If your pharmacy cannot fill your prescription as written, the pharmacist will give you a notice explaining how you or your doctor can call or write to your plan to ask for a coverage decision. If your health requires it, you can ask the plan for a fast coverage decision. You may also ask your plan for an exception to its rules before you go to the pharmacy, so you’ll know if your plan will cover the medication.
For certain drugs, Medicare drug plans might perform additional safety checks, and will send your pharmacy an alert for review before your prescription is filled. Safety alerts may cover situations like:
- Possible unsafe amounts of opioids. Your pharmacist or Medicare drug plan may need to review your prescription with your doctor to make sure the medications are safe.
- First prescription fills for opioids. You may be limited to a 7-day supply or less if you haven’t recently taken opioids.
- Use of opioids and benzodiazepines at the same time.
If your prescription cannot be filled as written, including the full amount on the prescription, the pharmacist will give you a notice explaining how you or your doctor can contact the plan to ask for a coverage determination. You may also ask your plan for an exception to its rules before you go to the pharmacy to buy the medication, so that your prescription is covered.
Pain Medication Management Programs
Some Medicare drug plans have a drug management program in place to help you use these opioids and benzodiazepines safely. If you get opioids from multiple doctors or pharmacies, your plan will contact the doctors who prescribed the drugs to make sure they are medically necessary and that you are using them appropriately.
If your Medicare drug plan decides your use of prescription opioids and benzodiazepines may not be safe, the plan will send you a letter in advance. This letter will tell you if the plan will limit coverage of these drugs for you, or if you must get the prescriptions for these drugs only from a doctor or pharmacy that you select.
Before your Medicare drug plan places you in its Drug Management Program, it will notify you by letter, and you will be able to tell the plan which doctors or pharmacies you prefer to use. You and your doctor can appeal if you disagree with your plan’s decision or think the plan made a mistake.
Note that the opioid safety reviews at the pharmacy and the Drug Management Programs generally don’t apply to you if you have cancer, get palliative or end-of-life care, are in hospice, or if you reside in a long-term care facility.

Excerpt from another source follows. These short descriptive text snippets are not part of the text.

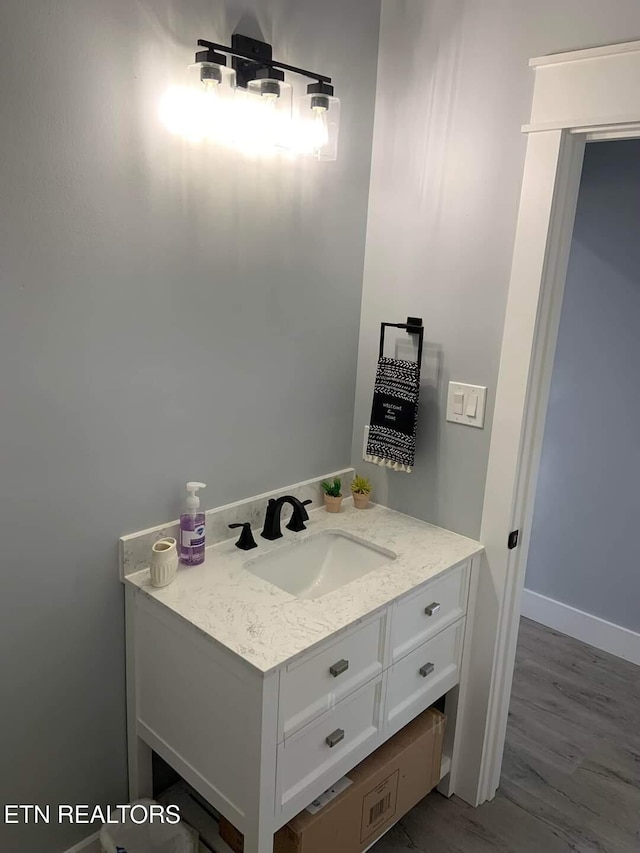 bathroom with vanity, baseboards, and wood finished floors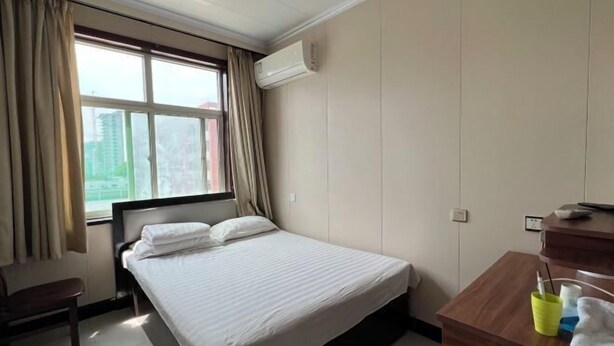 Une chambre d’hôtel avec un lit, un bureau, une chaise et une fenêtre avec des rideaux.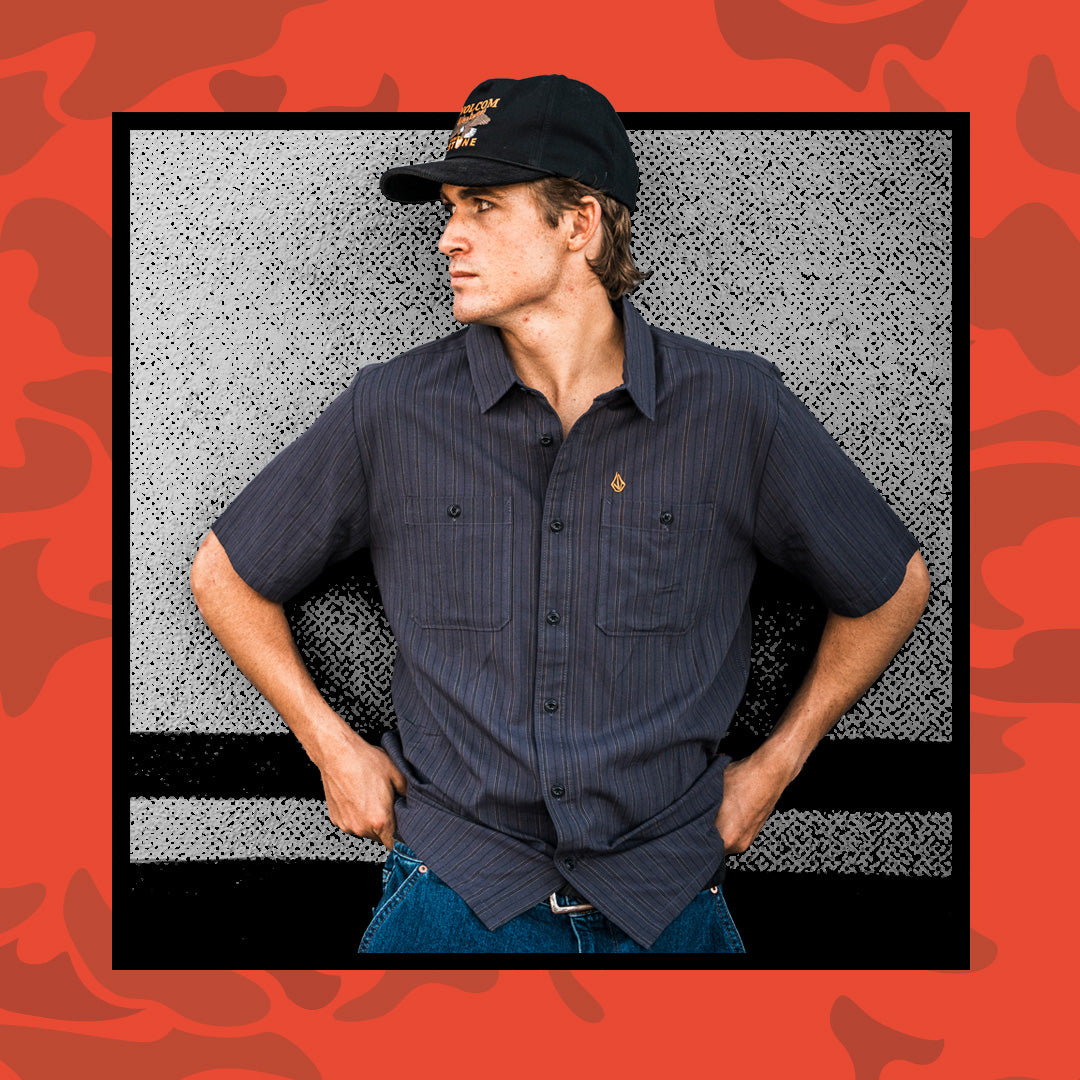 A man wearing a dark navy short-sleeve button-up shirt with thin vertical pinstripes, blue jeans, and a black baseball cap, posed against a textured gray background with a red camouflage border.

If You are Prescribed Opioids
- Talk with your doctor about your dosage and the length of time you must take them. You and your doctor may decide later you don’t need to take all of your prescription.
- Talk with your doctor about other options that Medicare covers to treat your pain, like non-opioid medications and devices, physical therapy, individual and group therapy, behavioral health integration services, and more. There also may be other pain treatment options available that Medicare doesn’t cover.

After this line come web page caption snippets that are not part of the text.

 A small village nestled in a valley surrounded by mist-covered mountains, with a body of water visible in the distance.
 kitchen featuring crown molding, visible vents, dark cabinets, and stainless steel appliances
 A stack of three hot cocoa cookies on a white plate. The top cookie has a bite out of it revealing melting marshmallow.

- Never take opioids in greater amounts or more often than prescribed.
- Some people with certain medical conditions and others with risk factors should also talk with their doctor about having naloxone at home. Naloxone is a drug prescribed as a safety measure that can be given by someone else to reverse the effects of an opioid overdose.
- Safely dispose of unused prescription opioids through your community drug take-back program or your pharmacy mail-back program.
- What works best is different for each patient. Treatment decisions to start, stop or reduce prescription opioids are individualized and should be made by you and your doctor.